The pharmacokinetic profile of ofatumumab and the relationships between ofatumumab pharmacokinetic parameters and clinical outcomes have been described in patients with relapsed or refractory CLL.[12,17] In a phase 1–2 study in patients who received four weekly infusions of ofatumumab, higher ofatumumab area under the concentration–time curve (AUC) extrapolated to infinity (AUC(0–∞)), maximum observed concentration (Cmax), minimum observed concentration prior to the next infusion (Ctrough), and longer half-life (t½) were associated with OR, and higher AUC(0–∞) and lower clearance (CL) were associated with longer progression-free survival (PFS), duration of response, and time to next CLL treatment.[17] In a study of patients with fludarabine-refractory CLL who received eight weekly intravenous infusions of ofatumumab, followed by four monthly infusions, ofatumumab pharmacokinetics (Cmax, Ctrough, and/or AUC values) at Dose 8 (eighth weekly dose) were significantly associated with OR, longer PFS, and longer overall survival in univariate analyses; however, in multivariate modeling, baseline disease factors and patient characteristics, rather than ofatumumab pharmacokinetics, were associated with clinical outcomes.[12]
The objective of this work was to evaluate relationships between pretreatment patient characteristics, ofatumumab pharmacokinetic parameter values, and treatment outcomes in a phase 2 trial of O-FC in patients with previously untreated CLL.[16]
Methods
Patients
The local Independent Ethics Committees or Institutional Review Boards of all participating institutions each approved the protocol, amendments, and consent forms. The study was initiated on 9 January 2007 and was conducted in accordance with the Declaration of Helsinki. All patients provided written informed consent.

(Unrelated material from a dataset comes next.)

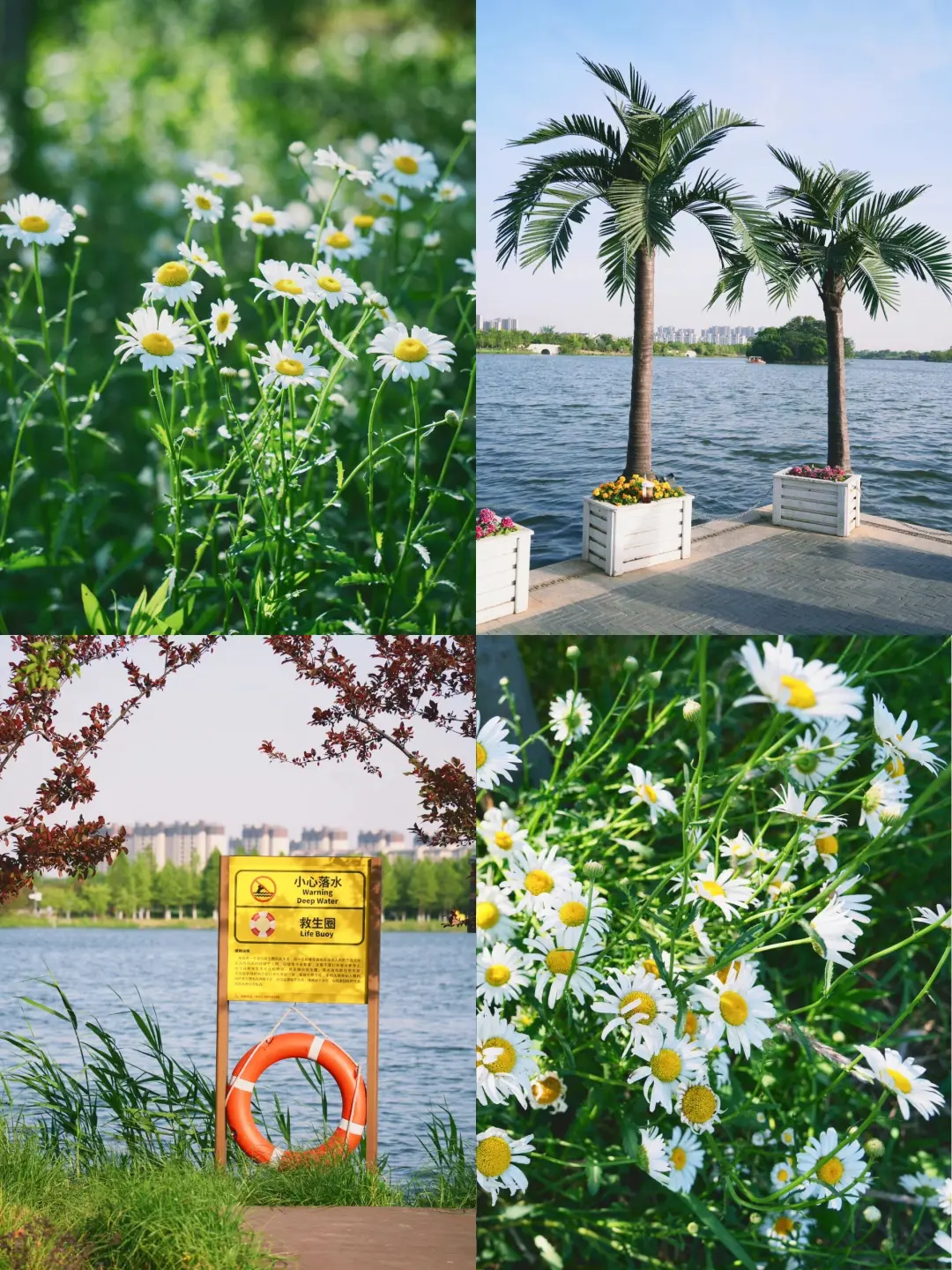 df144e8c23c205f8bafc3254c6411d29-sz_803495-1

Eligible adult patients (≥18 years of age) had active, treatment-naive CLL (CD5+/CD20+/CD23+), circulating lymphocytes >5 × 109/L, and an indication for treatment according to the 1996 National Cancer Institute-Working Group (NCI-WG) guidelines.[18] Exclusion criteria included known Richter transformation, central nervous system involvement, infection requiring systemic treatment, clinically significant cardiac disease, an uncontrolled medical condition, history of cerebrovascular disease, human immunodeficiency virus (HIV-1) infection, positive hepatitis B serology (unless consistent with vaccination), or Eastern Cooperative Oncology Group (ECOG) performance status >2.

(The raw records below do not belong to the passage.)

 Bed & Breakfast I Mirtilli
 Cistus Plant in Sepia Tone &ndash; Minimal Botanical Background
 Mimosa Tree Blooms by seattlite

Study design and treatment
This trial is registered at www.clinicaltrials.gov (). The study design was previously described.[16] This was a randomized, two-dose level, parallel cohort, open-label, phase 2 trial [Figure 1]. Patients were randomized 1:1 to receive 500mg or 1000 mg ofatumumab (Day 1), combined with intravenous 25 mg/m2 fludarabine and 250 mg/m2 cyclophosphamide (Days 2–4 for Cycle 1, Days 1–3 for subsequent cycles) every 4 weeks for up to a total of six cycles [Figure 2]. The first dose of ofatumumab was 300mg for both cohorts. Before all ofatumumab infusions, patients received 1000mg acetaminophen and 10mg cetirizine or equivalent. Glucocorticoid equivalent to 100mg of prednisolone was also administered before the first and second infusions of ofatumumab; if no grade 3 or 4 adverse events were observed with Infusion 2, the glucocorticoid dose could be reduced for subsequent infusions at the discretion of the investigator.
Figure 1.
CONSORT patient flow diagram. CONSORT: Consolidated Standards of Reporting Trials; FC: fludarabine and cyclophosphamide.
Figure 2.
Study treatment plan. Prednisolone 100 mg (or equivalent) was given prior to Infusions 1 and 2. If initial infusions were well tolerated, the glucocorticoid dose could be reduced to <100mg for subsequent infusions. Pharmacokinetic sampling at ‘end of infusion’ was performed immediately after the infusion line was flushed with sterile, pyrogen-free 0.9% sodium chloride. FC: fludarabine and cyclophosphamide; PK: pharmacokinetic.
Baseline assessments included a physical examination, evaluation for constitutional symptoms, computed tomography (CT) scan, blood sampling for hematology and biochemistry, and marrow examination. Analyses of laboratory samples, including marrow biopsies and smears, were performed by a central laboratory (Bio-Analytical Research Corporation, Ghent, Belgium). Disease status was assessed by physical examination, presence of constitutional symptoms, and blood counts every 4 weeks until Week 24 and every 3 months after the last cycle until disease progression or Month 24. Bone marrow examination was performed after Cycle 3 and at 3 months after the end of treatment to confirm CR. After Month 24, patients were followed every 6 months to monitor B cells until the cell count recovered to the normal range or to at least to the baseline level, up to Month 60, or until the start of a new CLL treatment.
Response evaluations
Best overall response from the start of treatment until three months after the last infusion was determined for each patient by an Independent Review Committee based on the 1996 NCI-WG criteria.[18] Responders consisted of patients who met the 1996 NCI-WG criteria for CR, nodular partial response (nPR), or partial response (PR). Non-responders consisted of patients who met the criteria of stable disease (SD), progressive disease (PD), or were non-evaluable (NE).
Pharmacokinetics
Blood samples for quantification of serum ofatumumab concentration were collected prior to the start of the infusion, at the end of the infusion, and at 10 min, 1 h, and 2 h after the end of the infusion at the first (Cycle 1) and sixth (Cycle 6) doses, and at 1, 3, 6, and 9 months after the last infusion. Pre-infusion and post-infusion blood samples were collected at Cycles 2, 3, 4, and 5 [Figure 2]. Serum ofatumumab concentrations were determined using a validated ELISA with a lower limit of quantification of 0.1 μg/mL as previously described.[19]
Non-compartmental pharmacokinetic analyses of data at Cycles 1 and 6 were performed to determine Cmax, Ctrough, AUC, clearance (CL), volume of distribution at steady state (Vss), and t½ values. Cmax and Ctrough values were determined for the other cycles. Pharmacokinetic parameter values were summarized by cycle and by dose group.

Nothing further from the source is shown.